Given records —

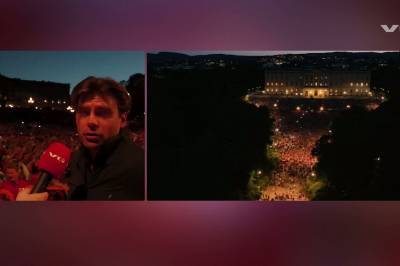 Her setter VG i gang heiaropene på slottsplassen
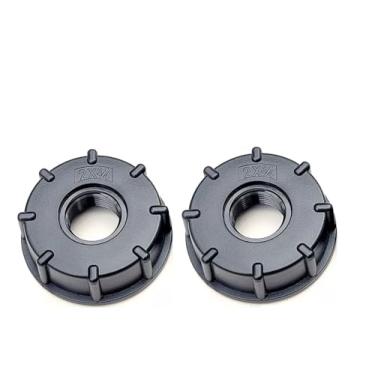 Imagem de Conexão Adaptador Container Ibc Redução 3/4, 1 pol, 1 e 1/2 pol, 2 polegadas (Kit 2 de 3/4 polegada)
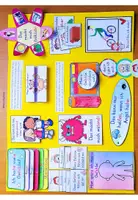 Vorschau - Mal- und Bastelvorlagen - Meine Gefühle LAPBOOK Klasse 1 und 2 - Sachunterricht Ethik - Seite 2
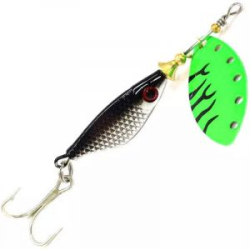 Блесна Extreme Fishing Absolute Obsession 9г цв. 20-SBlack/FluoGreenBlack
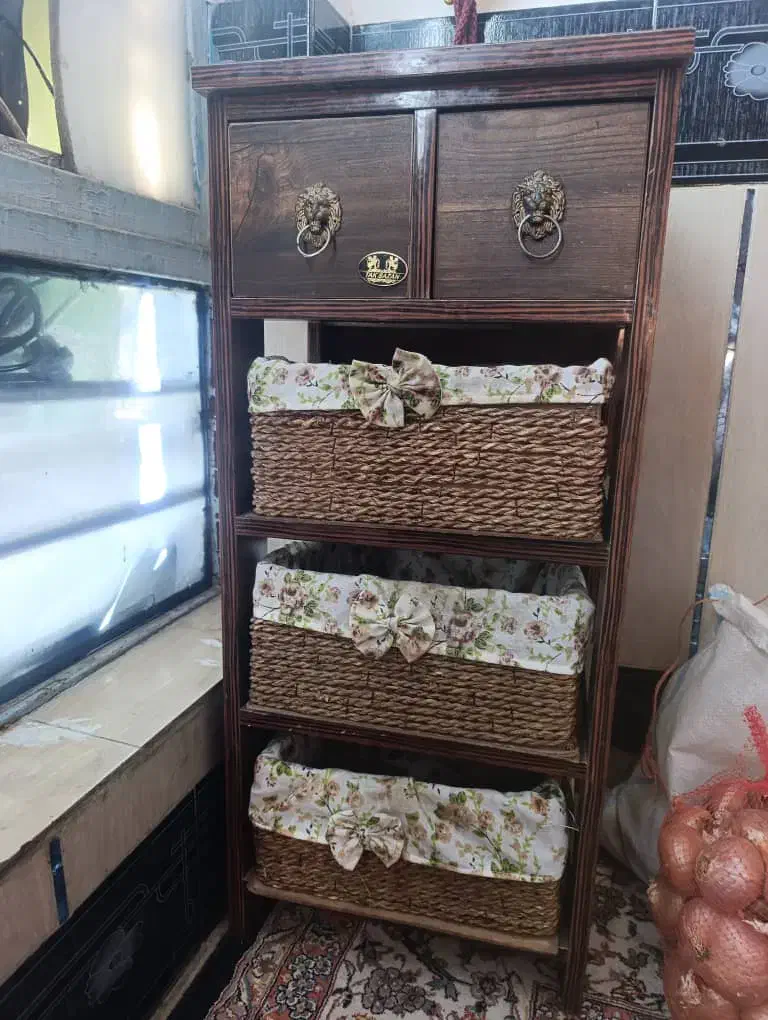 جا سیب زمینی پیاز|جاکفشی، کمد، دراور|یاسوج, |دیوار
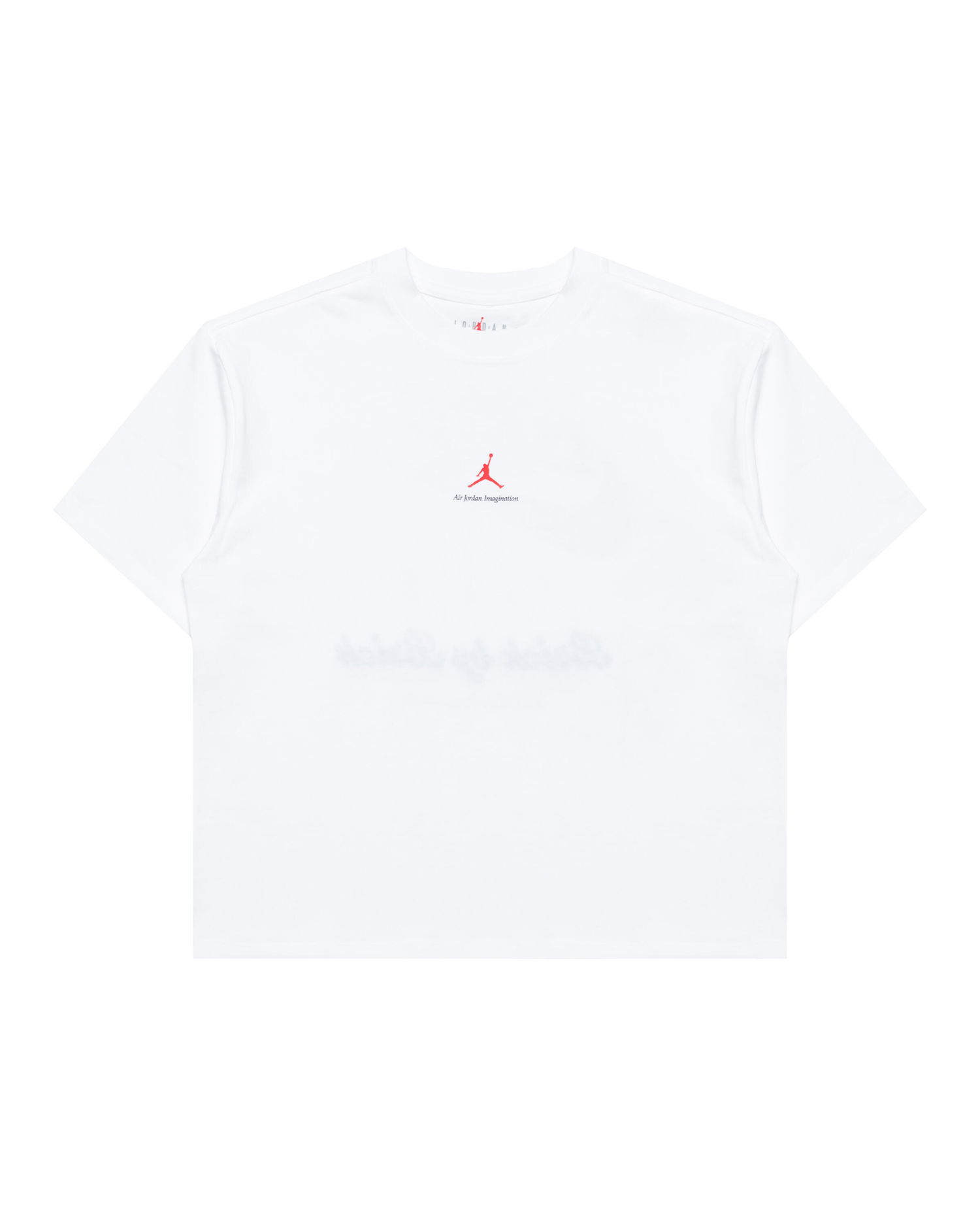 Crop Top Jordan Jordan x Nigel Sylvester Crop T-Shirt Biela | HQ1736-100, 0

...

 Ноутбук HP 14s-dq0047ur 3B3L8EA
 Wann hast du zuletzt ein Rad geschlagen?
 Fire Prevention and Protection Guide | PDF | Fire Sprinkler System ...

Problem details — Output exactly the lines of the listing above that start with the one holding "Vorschau - Mal- und" and go on through the one holding "Crop Top Jordan"; leave the pictures out.

Final answer —
 Vorschau - Mal- und Bastelvorlagen - Meine Gefühle LAPBOOK Klasse 1 und 2 - Sachunterricht Ethik - Seite 2
 Блесна Extreme Fishing Absolute Obsession 9г цв. 20-SBlack/FluoGreenBlack
 جا سیب زمینی پیاز|جاکفشی، کمد، دراور|یاسوج, |دیوار
 Crop Top Jordan Jordan x Nigel Sylvester Crop T-Shirt Biela | HQ1736-100, 0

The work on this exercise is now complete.